▶ **Instructions for the task**
Reproduce each line below precisely. Drop the pictures.

▶ **Provided data**
Content starts
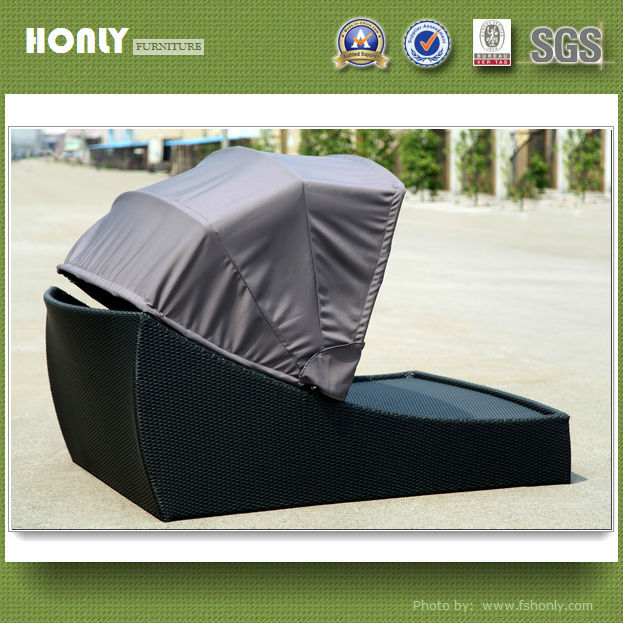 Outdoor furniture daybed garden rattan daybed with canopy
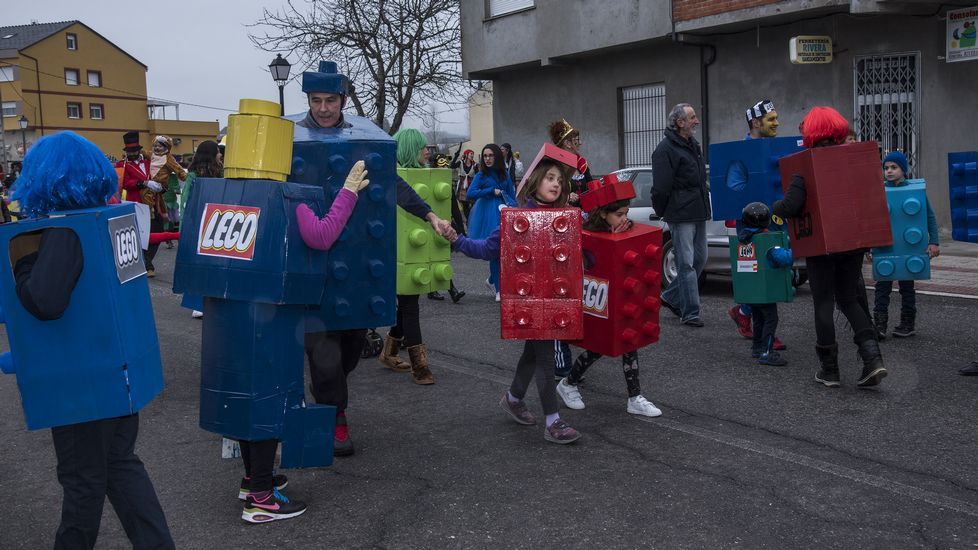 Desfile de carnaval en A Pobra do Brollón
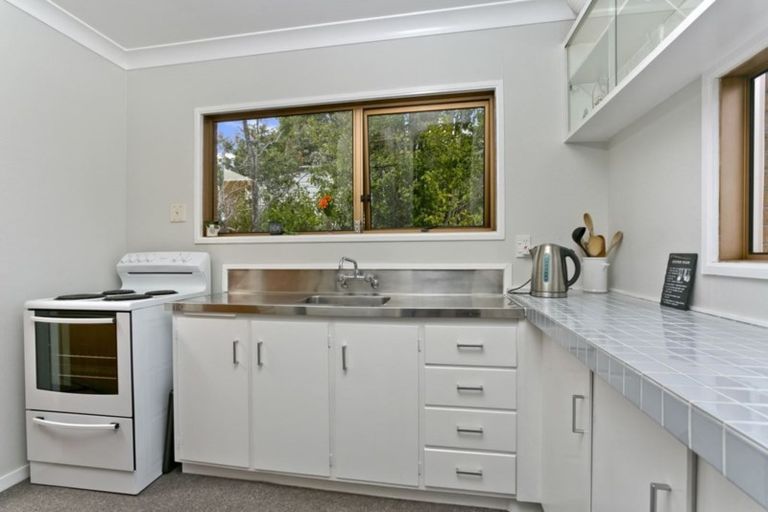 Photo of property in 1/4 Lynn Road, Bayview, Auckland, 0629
Content ends
▶ **Reply to the task**
 Outdoor furniture daybed garden rattan daybed with canopy
 Desfile de carnaval en A Pobra do Brollón
 Photo of property in 1/4 Lynn Road, Bayview, Auckland, 0629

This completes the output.